Today, the Conservative Party has noticed the rise in the proportion of graduates in the electorate, and it doesn’t like it. But it won the last election on the votes of non-graduate Leavers, so it cannot decide what to do to secure its future in a country that is changing.
Professor Rob Ford of the University of Manchester presented new research at the Social Market Foundation this week on how education has become the new divide in British politics. Since the 2015 general election and the 2016 referendum, graduates have become more Labour and more pro-EU, while non-graduates have become more Tory and anti-EU. And all the time, there are more graduates in the population, up from one-fifth to one-third in the past two decades – a share that will go on rising for 40-50 years, Prof Ford said, even if, as some Tories belatedly wish, the expansion of universities is thrown into reverse.

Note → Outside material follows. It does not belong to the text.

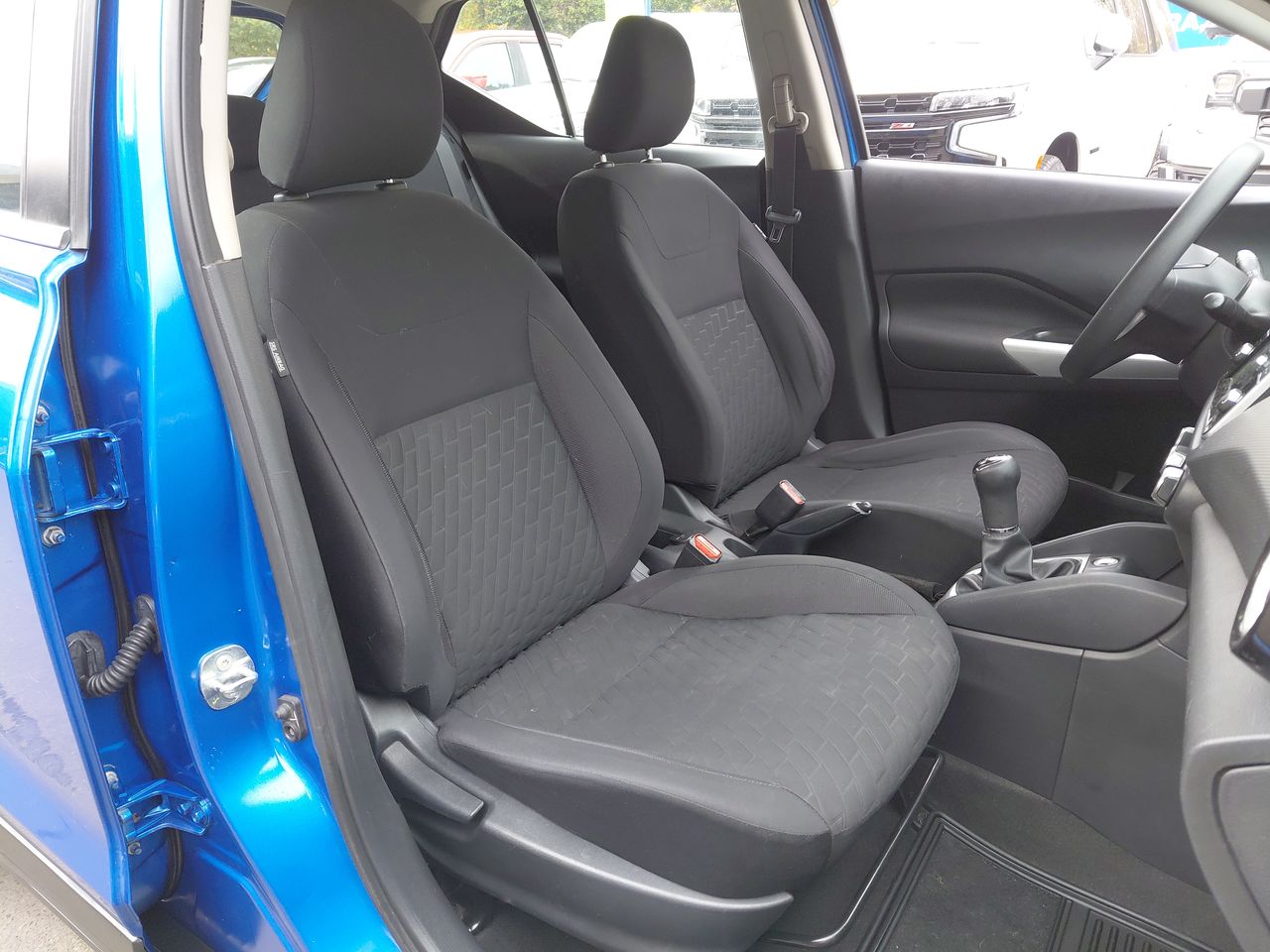 NISSAN - 22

Professor Ford said: “Demographic change is alien to political analysis because it is slow and relentless, like a glacier.” It is a wall of ice that threatens the Conservatives in addition to all the short-term pressures on government at a time of pinched living standards.
He thought that the immediate causes of unpopularity had distracted the Tories from underlying adverse changes. They mean that the playing field is tilting against the Tories all the time. They mean that when we observe that Boris Johnson won in 2019 because of Brexit deadlock, Jeremy Corbyn and Johnson’s own positive appeal, and that none of those will apply next time, there is a fourth change, which is that the electorate has become slightly more pro-Labour and more pro-EU.

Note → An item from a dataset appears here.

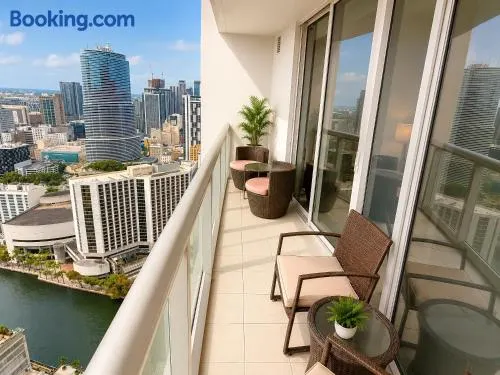 Incredible 1 Bed Apt 43rd Floor at Icon Brickell - Image 1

The pace of change is slow but significant. The effect is that a rerun EU referendum now would be 54-46 per cent for Remain, if graduates and non-graduates voted as they did seven years ago.
Not only does this mean that the main Conservative-Labour battleground is more forbidding for Sunak, but there are large chunks of the Tory vote last time that could break off and fall suddenly into the sea.

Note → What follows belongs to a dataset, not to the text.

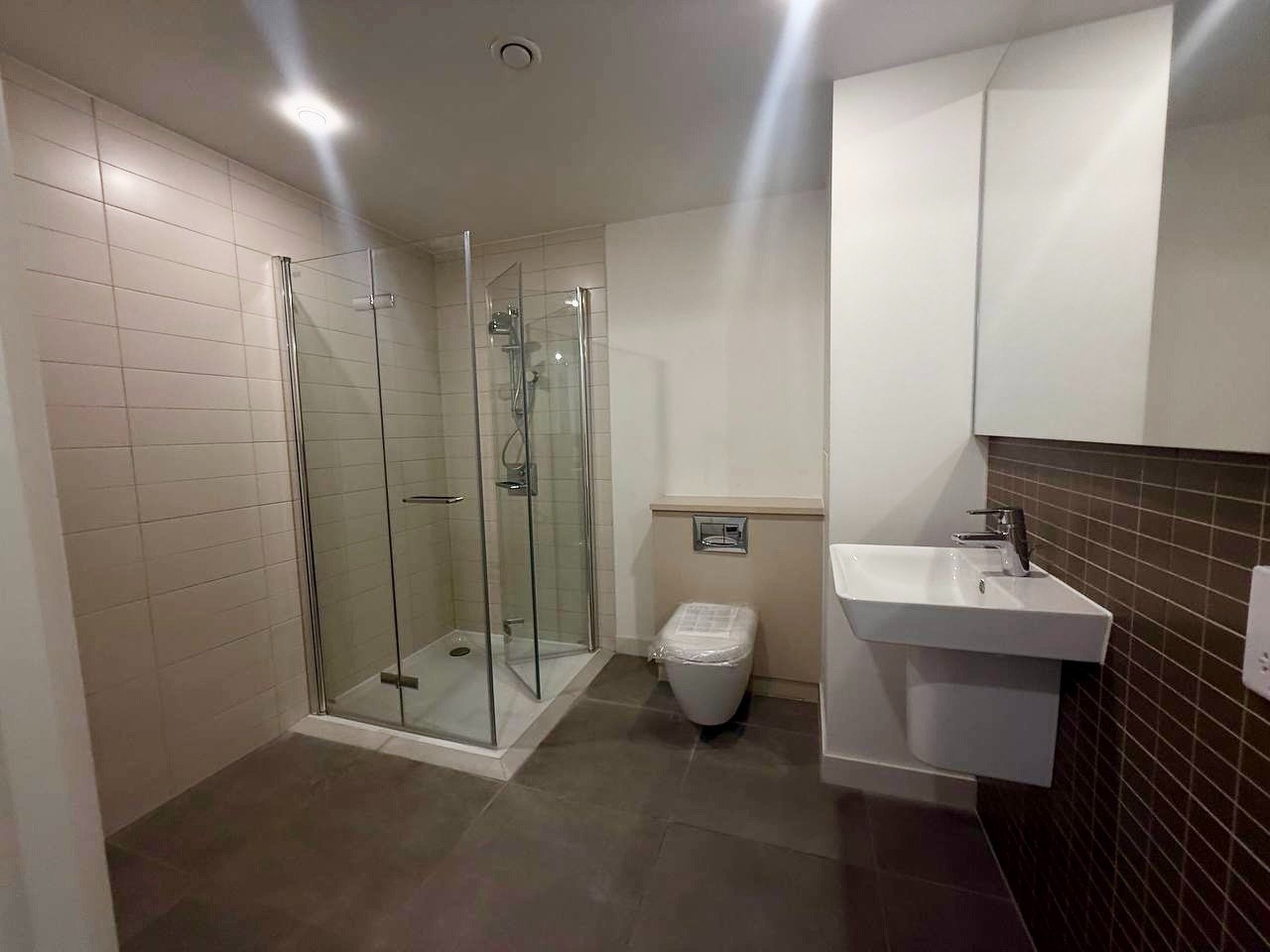 1 Bed Flat, Damac South Tower, SW8 photo 5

Professor Ford is particularly interested in the 40 most graduate-heavy seats that the Tories have to defend to remain in office. They include “a huge swathe around London, where the Liberal Democrats are the challenger, which could form a Lib Dem graduate heartland”.
Just because well-known Conservatives such as Dominic Raab in Esher defied predictions that their seats were vulnerable last time does not mean that they are safe. Next time, the graduate shift makes it even more likely that the dominoes will fall. No wonder Raab is not standing again.
Professor Ford compared Tory complacency about its southern seats to the Labour Party’s lack of awareness of the threat to it of Scotland in 2015 and in the red wall in 2019 – “‘Those seats will never go,’ until they do”.
There is worse to come from the Social Market Foundation analysis. While the Tories risk losing a chunk of their graduate vote to the Lib Dems, their non-graduate core vote is also under threat, from the opposite direction. Reform UK, formerly the Brexit Party, the company set up by Nigel Farage and still majority-owned by him, as Tom McTague of UnHerd points out, is doing well in the opinion polls. About 8 per cent of people say they intend to vote for it, despite minimal coverage in the mainstream media.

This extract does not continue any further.